Required action
Would you print the lines below exactly, beginning at the line that has "Everydayvitamin.com(Vitamins, Supplements, Skin" and stopping after the line that has "Casa Onis-Gebied winter 5km"? Only those lines, and no pictures.

Data for the task
----------

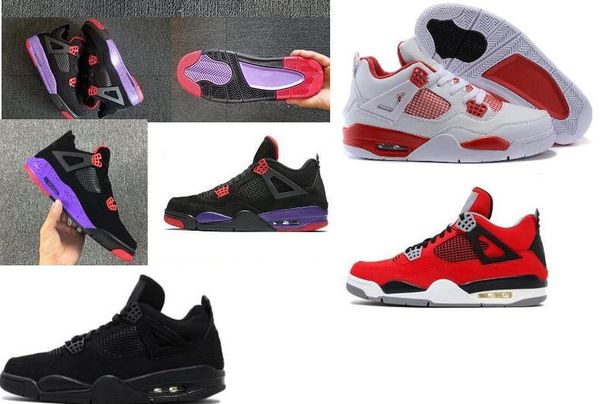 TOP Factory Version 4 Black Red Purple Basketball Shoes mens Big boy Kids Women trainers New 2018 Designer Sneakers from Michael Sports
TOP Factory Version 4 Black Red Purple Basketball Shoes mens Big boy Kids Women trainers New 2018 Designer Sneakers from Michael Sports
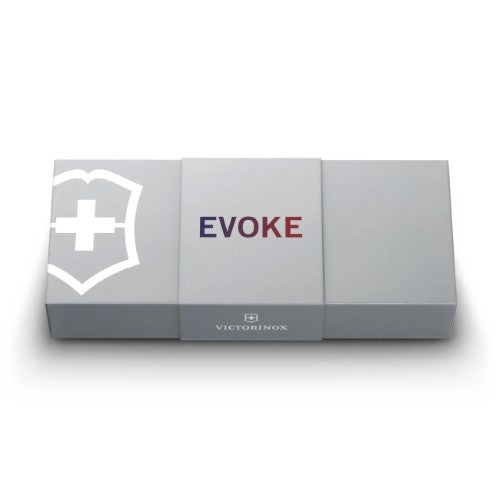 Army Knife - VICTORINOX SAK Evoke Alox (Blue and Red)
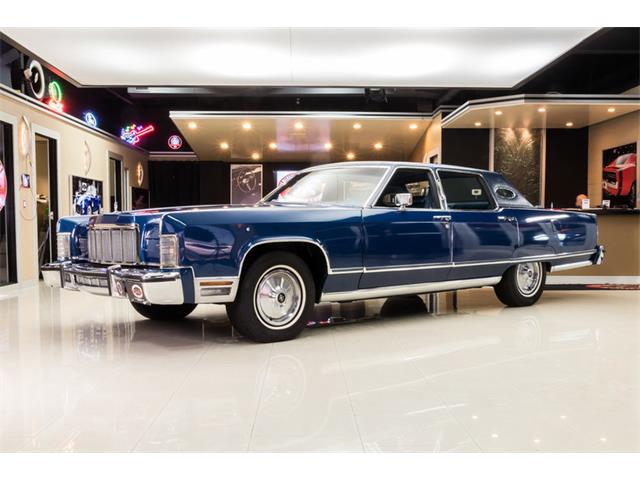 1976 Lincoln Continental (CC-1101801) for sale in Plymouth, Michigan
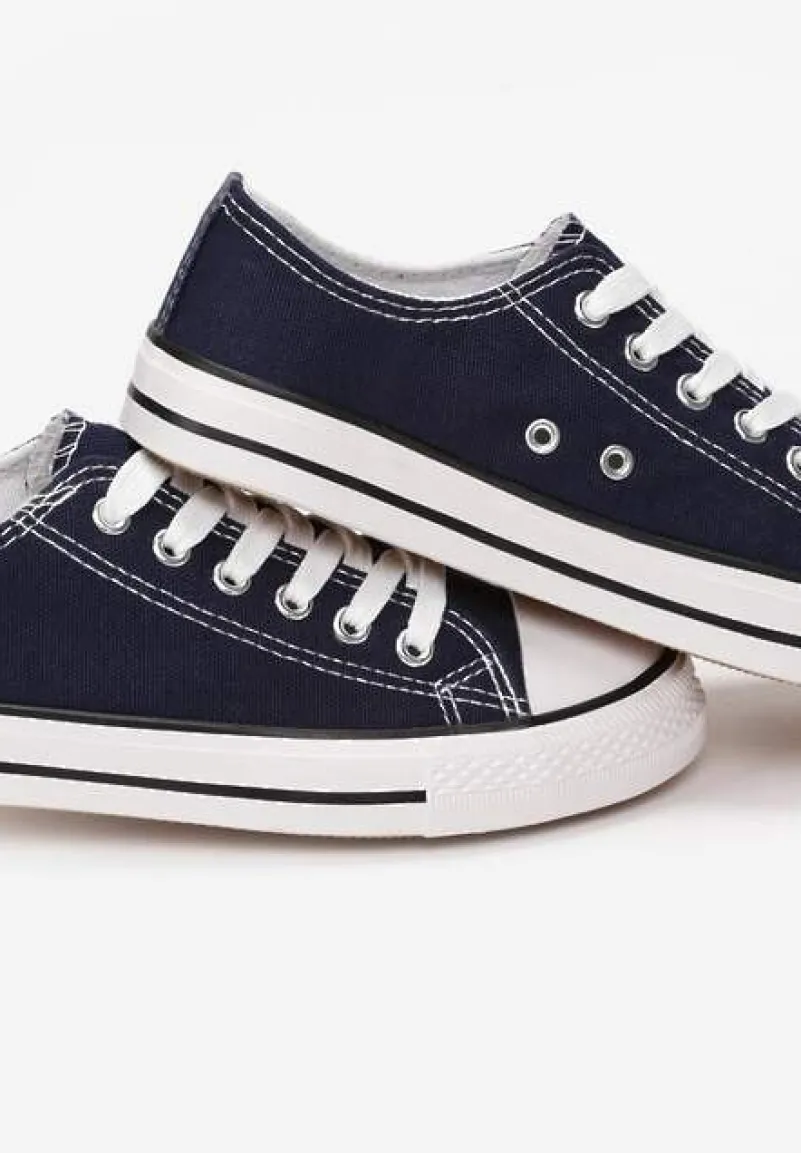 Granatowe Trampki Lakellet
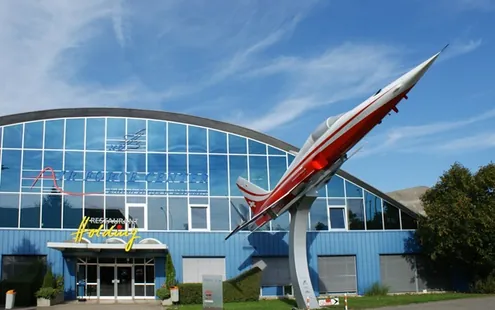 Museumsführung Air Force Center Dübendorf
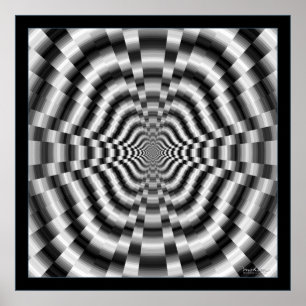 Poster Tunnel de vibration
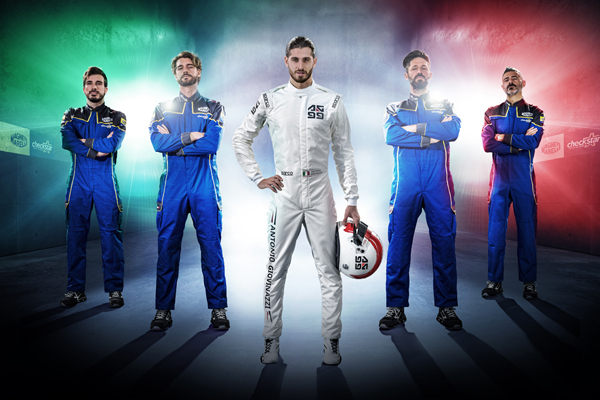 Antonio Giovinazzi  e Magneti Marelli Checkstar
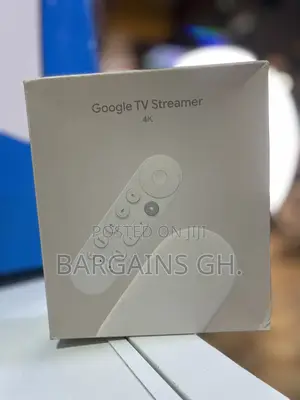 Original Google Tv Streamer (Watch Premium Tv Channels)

----------

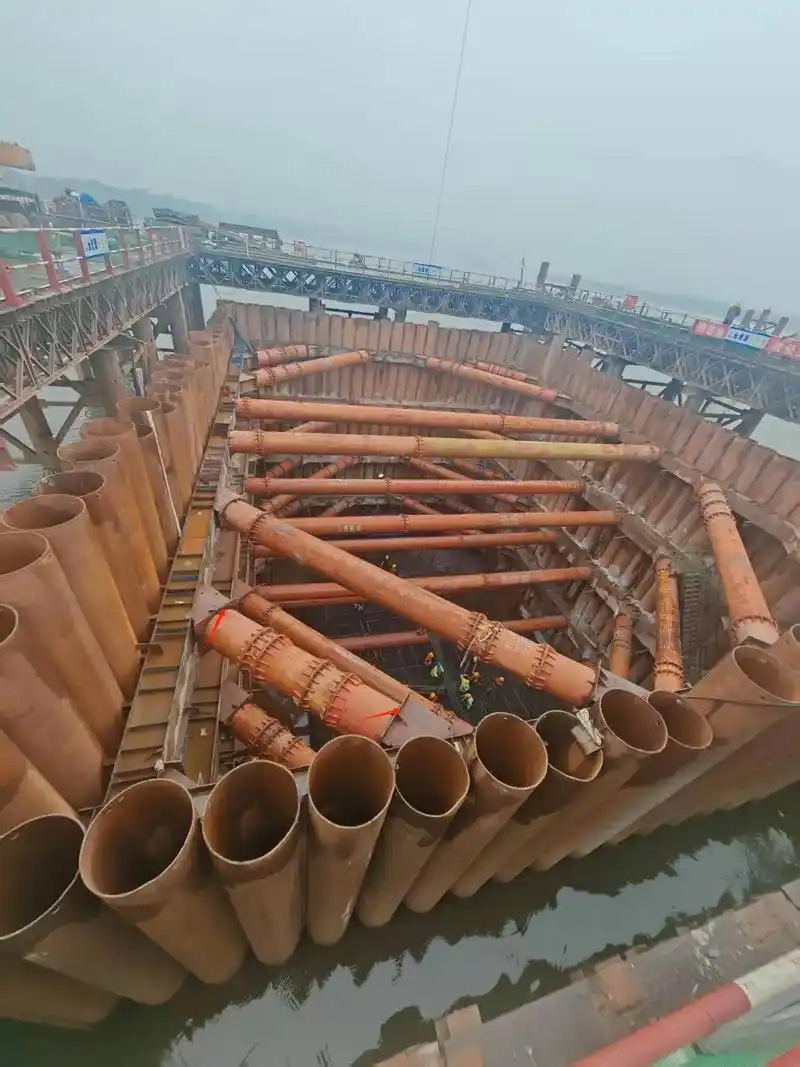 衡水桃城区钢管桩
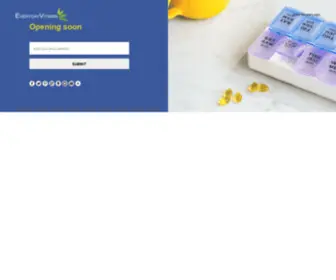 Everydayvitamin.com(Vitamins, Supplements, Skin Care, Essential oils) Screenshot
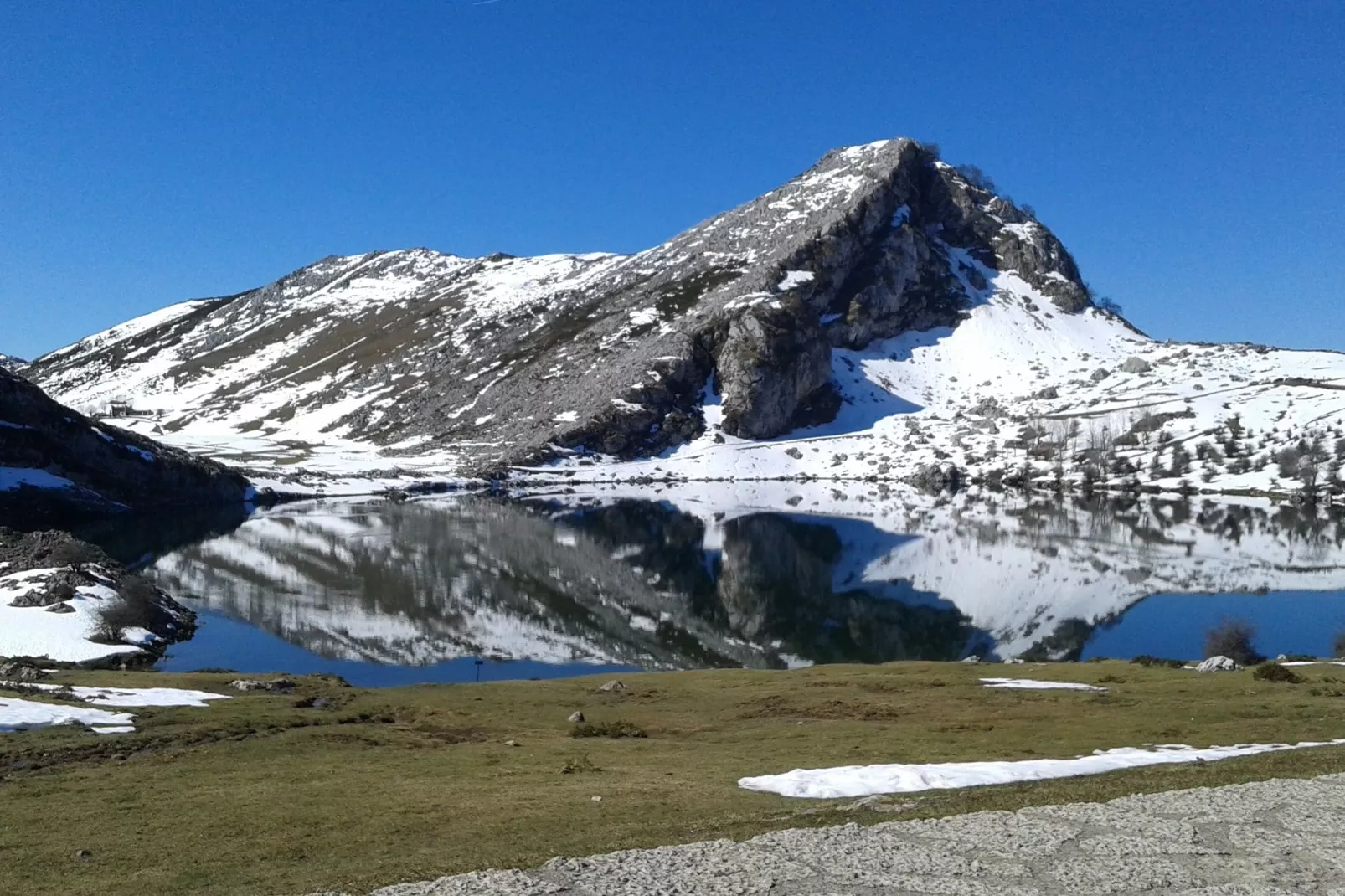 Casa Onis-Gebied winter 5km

----------

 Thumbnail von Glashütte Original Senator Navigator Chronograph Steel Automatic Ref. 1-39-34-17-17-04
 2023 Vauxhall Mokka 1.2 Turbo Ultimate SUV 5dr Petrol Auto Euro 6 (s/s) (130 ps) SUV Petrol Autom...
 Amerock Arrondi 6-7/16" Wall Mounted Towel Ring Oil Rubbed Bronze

----------

Task output
 Everydayvitamin.com(Vitamins, Supplements, Skin Care, Essential oils) Screenshot
 Casa Onis-Gebied winter 5km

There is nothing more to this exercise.